YOUR TASK ▸ Repeat the records exactly as given. Do not include the pictures.

GIVEN INFORMATION ▸
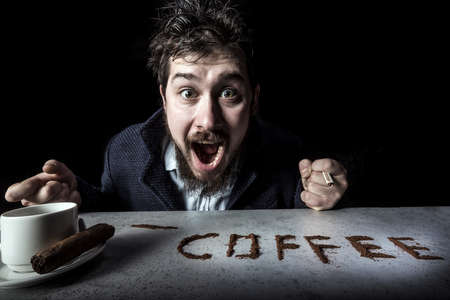 portrait of cheerfully rejoicing coffee man on black background, concept coffee is a drugの写真素材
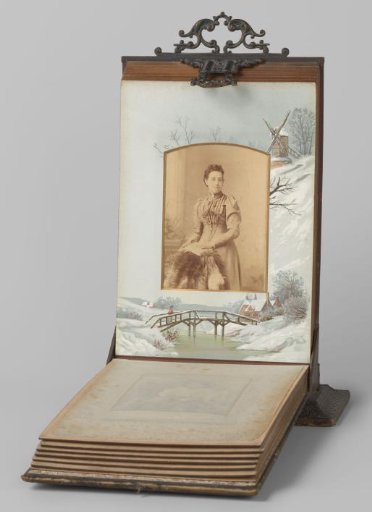 Portrait of a woman standing by a chair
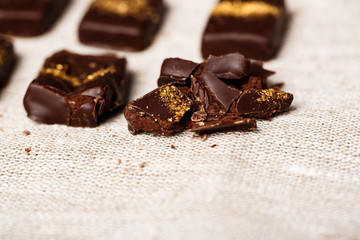 Chocolate candies on sackcloth.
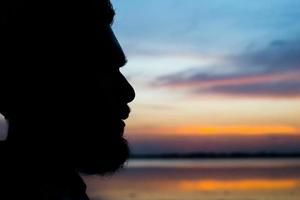 close-up silhouet van een man alleen op de bank voor de zee foto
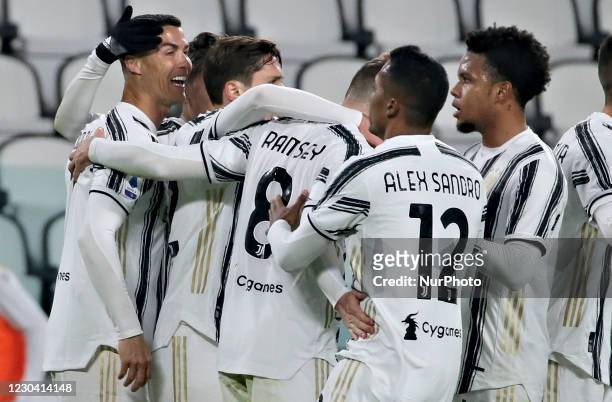 Cristiano Ronaldo of Juventus celebrates with teammates Aaron Ramsey, Weston McKennie and Alex Sandro after scoring their team's first goal during...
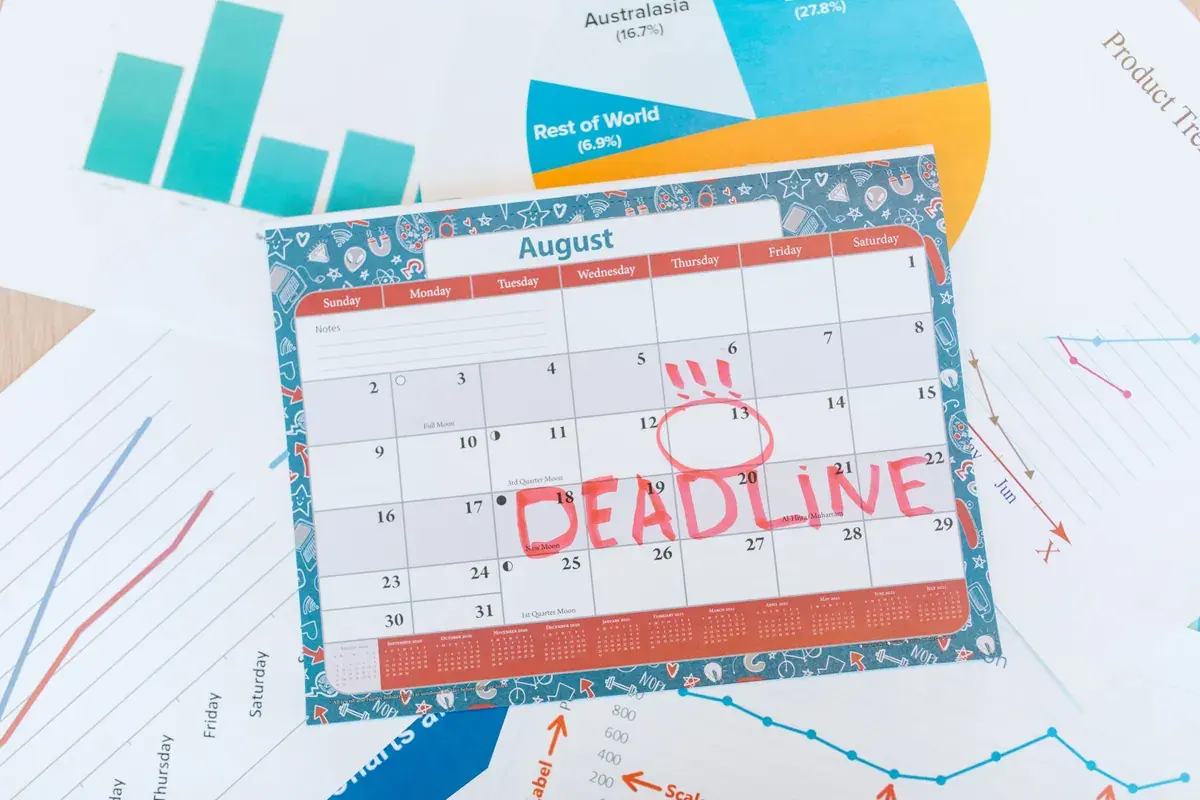 A monthly wall calendar with a word written in bold red marker across a circled date, resting on printed business charts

WRITTEN SOLUTION ▸
 portrait of cheerfully rejoicing coffee man on black background, concept coffee is a drugの写真素材
 Portrait of a woman standing by a chair
 Chocolate candies on sackcloth.
 close-up silhouet van een man alleen op de bank voor de zee foto
 Cristiano Ronaldo of Juventus celebrates with teammates Aaron Ramsey, Weston McKennie and Alex Sandro after scoring their team's first goal during...
 A monthly wall calendar with a word written in bold red marker across a circled date, resting on printed business charts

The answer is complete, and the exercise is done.